Era más que claro que soy montañes, mí ritmo era lento y despreocupado, pues el tiempo era mí amigo, mientras que el tumulto de gente en su traginar acelerado se me abalanzaba como queriendo escapar de las horas o mejor como si quisieran alcanzarlas.
Hasta entonces iba todo bien, hasta que mi vista se tornó pesada, atribulada, pues estos eran testigo de mujeres totalmente impudicas que pasaban sin el menor reparo de las demás personas, ya antes había visto esto pero no en carne propia ni en tanta cantidad, a simple vista era difícil calcular el número. Marchaban que se yo a donde, estaba a mí favor sin embargo, que mí dirección era opuesta al de ellas, a tal punto que aquel escenario desagradable pronto quedó atras.
Sin embargo sin saber lo que me aguardaba horas después de haber encontrado la afamada Av. y de haberme hecho poseedor de algunos libros antiguos y retornar al recinto en el que me albergaba, empezó la odisea, nunca mejor comparado. Estaban todas juntas estás mujeres si es que dicha palabra las identifica, cortando calles, a los gritos y lo más extraño reproduciendo una serie de movimientos grotescos y desarticulados, como salvajes o poseidas, eran tantas, y de todas las edades que causaban estupor.
Era tal la acumulación de éstas que era imposible el caminar, eran como una muralla impenetrable, podrida desde sus cimientos, pero no por eso fácil de derribar, pues la cantidad hace la fuerza.

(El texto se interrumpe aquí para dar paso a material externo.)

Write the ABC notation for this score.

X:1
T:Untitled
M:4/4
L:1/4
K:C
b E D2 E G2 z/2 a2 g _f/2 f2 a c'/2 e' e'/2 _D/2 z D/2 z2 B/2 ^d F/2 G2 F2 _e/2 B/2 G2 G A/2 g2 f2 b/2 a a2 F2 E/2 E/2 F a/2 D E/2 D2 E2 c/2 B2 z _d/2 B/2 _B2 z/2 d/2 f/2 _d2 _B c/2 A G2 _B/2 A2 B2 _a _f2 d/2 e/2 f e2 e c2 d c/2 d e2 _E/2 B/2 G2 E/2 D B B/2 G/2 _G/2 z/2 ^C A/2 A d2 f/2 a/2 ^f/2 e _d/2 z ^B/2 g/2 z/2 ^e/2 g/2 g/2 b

Sin saber para donde ir para poder rodearlas, ya que eran tantas que se hacía imposible el caminar, como las cabezas de la hidra y cuando lograbas pasar a una se multiplicanan sin dar tregua. Abatido por dicha situación, la sangre empezó a ebullecer y en un estado de irreflexivo, mí cara se desarticuló, a tal punto era mí enojo que sin importarme la cantidad, cada ves que me cruzaba con una de estás, las miraba con tal desprecio, que si no hubiera sido por la protección celestial, estás hubieran reparado en tal afrenta y probablemente me hubieran golpeado con la misma fuerza y odio que blasfemaban.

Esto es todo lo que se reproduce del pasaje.